User Guide
Core concepts
bpack is a lightweight Python package intended to help users to
describe binary data structures
encode/decode binary data to/from Python object
Descriptors
The user can define binary data structure in a declarative way, as follows:
import bpack
@bpack.descriptor
class BinaryRecord:
field_1: float = bpack.field(size=8)
field_2: int = bpack.field(size=4, signed=True)
Key concepts for definition of binary data structures are
the declaration of the data structure by means of the
bpack.descriptors.descriptor()
class decorator. It allows to specify the main properties of the data structure.the specification of the characteristics of each field, mainly the data type, the size and (optionally) the offset with respect to the beginning of the record. This can be done using the
bpack.descriptors.field()
factory function.
In the above example the BinaryRecord
has been defined to have two fields:
- field_1:
a double precision floating point (8 bytes)
- field_2:
a 32bit signed integer (4 bytes)
size
is expressed in bytes in this case.
The offset of the fields have not been explicitly specified so they are computed automatically.
In the example field_1
has offset=0
, while field_2
has
offset=8
i.e. data belonging to field_2
immediately follow the ones
of the previous field.
The design is strongly inspired to the one of the dataclasses
package
of the Python standard library.
Codecs
Once a binary structure is defined, the bpack package allows to
automatically generate Codec
objects that are able
to convert binary data into a Python objects and vice versa:
import bpack.st
binary_data = b"\x18-DT\xfb!\t@\x15\xcd[\x07"
codec = bpack.st.Codec(BinaryRecord)
record = codec.decode(binary_data)
assert record.field_1 == 3.141592653589793
assert record.field_2 == 123456789
print(record)
BinaryRecord(field_1=3.141592653589793, field_2=123456789)
encoded_data = codec.encode(record)
assert binary_data == encoded_data
print("binary_data: ", binary_data)
print("encoded_data:", encoded_data)
binary_data: b'\x18-DT\xfb!\t@\x15\xcd[\x07'
encoded_data: b'\x18-DT\xfb!\t@\x15\xcd[\x07'
In the example above it has been used the bpack.st.Codec
class
from the bpack.st
module.
Please note that the decoder class (bpack.st.Codec
)
takes in input the descriptor (i.e. the type) of the binary data structure, and
return a codec object which is capable to encode/decode only binary data organized according to the descriptor received at the instantiation time. If one need to encode/decode a differed data structure than it is necessary to instantiate a different codec.
The bpack.st
module used in the example is just one of the, so called,
backends available in bpack.
See the Backends section below for more details.

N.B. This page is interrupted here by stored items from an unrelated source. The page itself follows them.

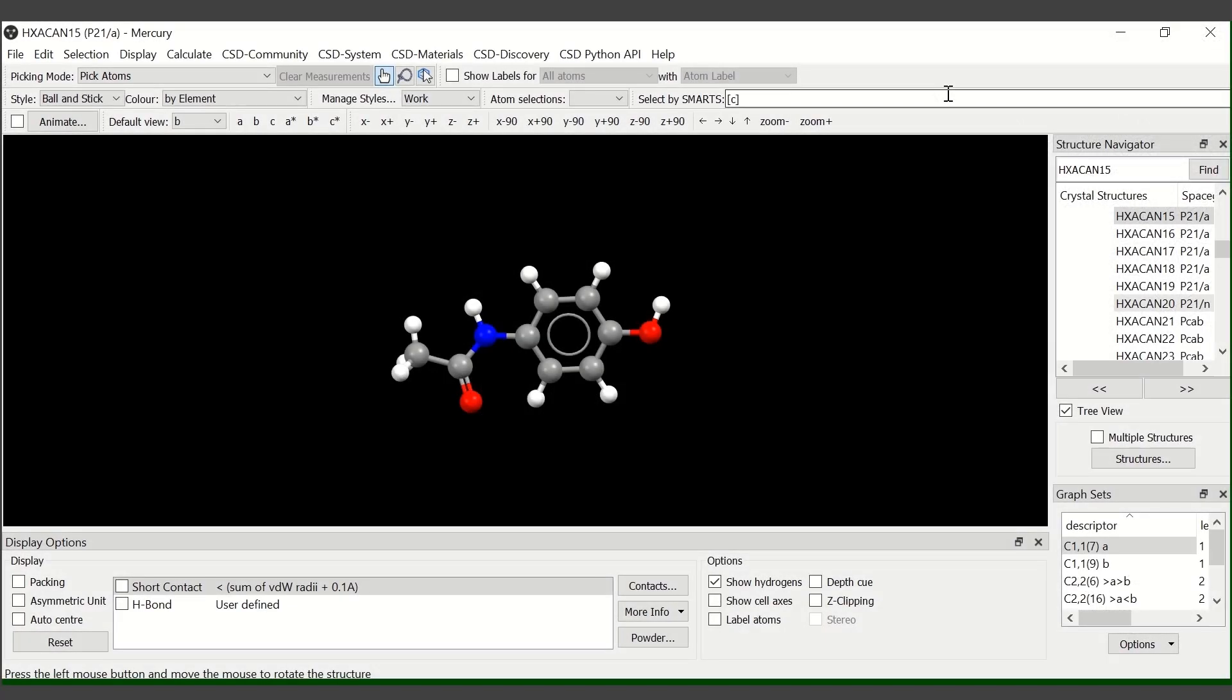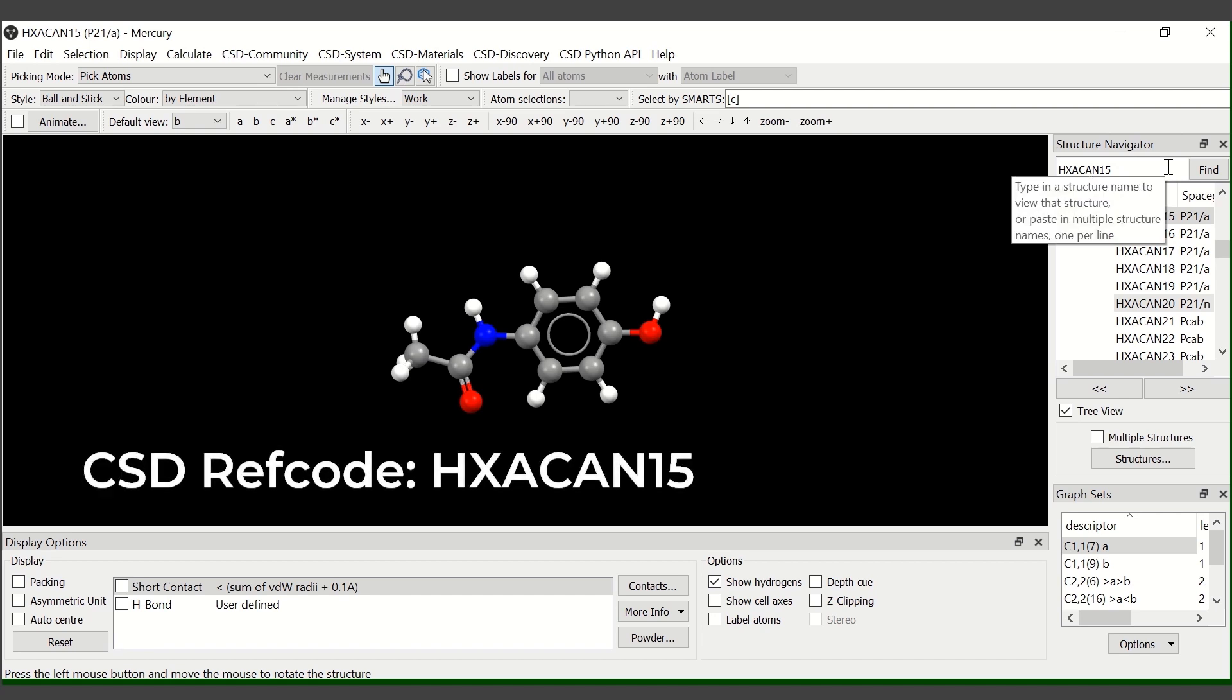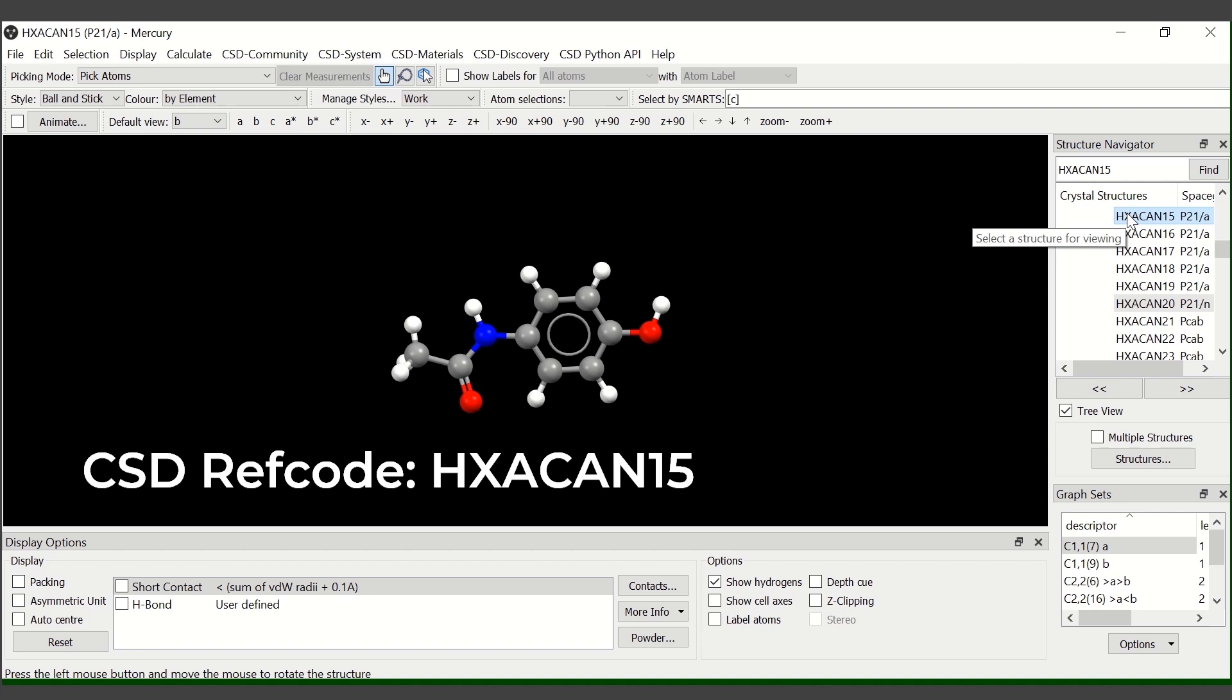Once we've opened Mercury, we insert the RAF code for the structure we are going to investigate in the structure navigator. The molecule is paracetamol and the RAF code for the structure is HXACAN15.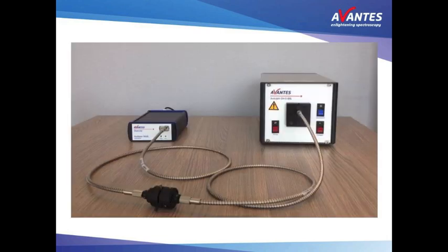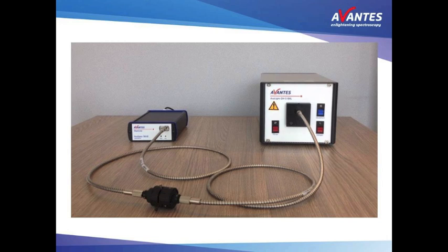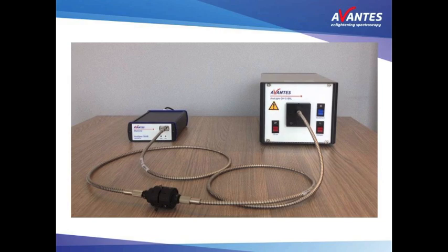We will demonstrate it with the following transmission setup, consisting of an Avantis spectrometer, a light source, an attenuator to simulate changing transmission properties, and fibers to connect everything together.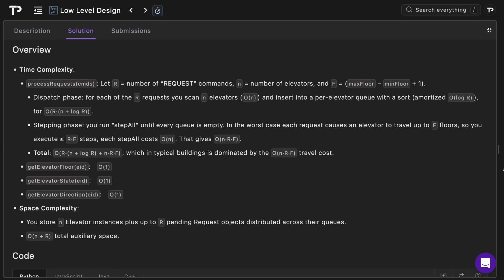If you want to check out the time and space complexity that's in the solution tab and if you want to try a question the link is in the description. Hopefully you got some value out of this. If you did please like and subscribe, it helps the channel out a lot and share it with a friend. Hopefully I will see you in the next one.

Binary data structures declaration
As anticipated above the declaration of a binary data structure and
its main properties is done using the bpack.descriptors.descriptor()
class decorator.
Bit vs byte structures
One of the properties that the bpack.descriptors.descriptor()
class decorator allows to specify is baseunits.
It allows to specify the elementary units used to describe the binary
structure itself.
A structure can be described in terms of bytes or in terms of bits,
i.e. if field size and offsets have to be intended as number of bytes of
as number of bits.
This is an important distinction for two reasons:
it is fundamental for decoders (see below) to know much data have to be converted and where this data are exactly located in a string of bytes
not all backends are capable of decoding both kinds of structures
Note
Currently available backends do not support nested data structures (see Record nesting) described using different baseunits (see Limitations).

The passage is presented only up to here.